Cuando Dios nos comunica la gracia santificante, no sólo nos da la
capacidad para recibir su Amor, que es divino y eterno, sino que nos da el
poder y la capacidad de amarlo a Él. Aún más, Él se une tan íntimamente a sí al
alma, que no sólo está y permanece substancialmente en el interior del alma,
sino que forma, por así decirlo, como un solo espíritu con el alma[1].
Para el alma en gracia,
no hay entonces un acto más sublime y natural que un acto de amor sobrenatural
a Dios.
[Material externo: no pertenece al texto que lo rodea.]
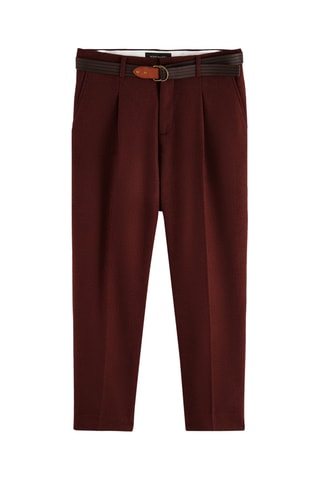 Chino loose en laine - Bordeaux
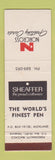 Matchbook Cover - Sheaffer Pens Norcross Greeting Cards Auckland New Zealand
No hay nada más natural para el alma que se siente amada por Dios de
una manera tan particular y con tanta intensidad, que se siente animada y
atraída por Él, arder en amor ferviente por Él.
Es natural para el fuego
dar luz y calor y comunicar a lo que toca con sus llamas, su luz y su calor y
transformarlo en fuego; el ser divino, que es fuego espiritual purísimo, nos
comunica su gracia, que es su luz y su calor, que proviene de la naturaleza
divina, para transformarnos en una imagen suya.
La gracia entonces ilumina
y calienta: ilumina, proporcionando un conocimiento, y calienta, o enciende, en
un amor divino.
Así como en el cielo el
principal y más natural acto de los elegidos es la visión beatífica, en la
tierra el amor a Dios es el acto más importante y natural de los justos[2].
Y si la gracia hace arder
de amor a Dios, con un amor espiritual y puro, nadie entre las creaturas ama a
Dios con más intensidad, que María, la
Llena de gracia.
Si el amor sobrenatural a
Dios depende de la gracia poseída en el alma, María es la Antorcha ardiente que
flamea en los cielos con llamas eternas de amor divino a Dios Uno y Trino, y
sus llamas iluminan, junto con la luz del Cordero, a la Jerusalén celestial.
Si nuestro corazón es
como piedra, incapaz de ser quemado por el fuego, y si además es oscuro como
las tinieblas, tanto una como otra condición pueden ser cambiadas por María: María
tiene el poder de cambiar la piedra en carbón, y el carbón sí puede arder, al
contacto con el fuego y, ardiendo, puede iluminar.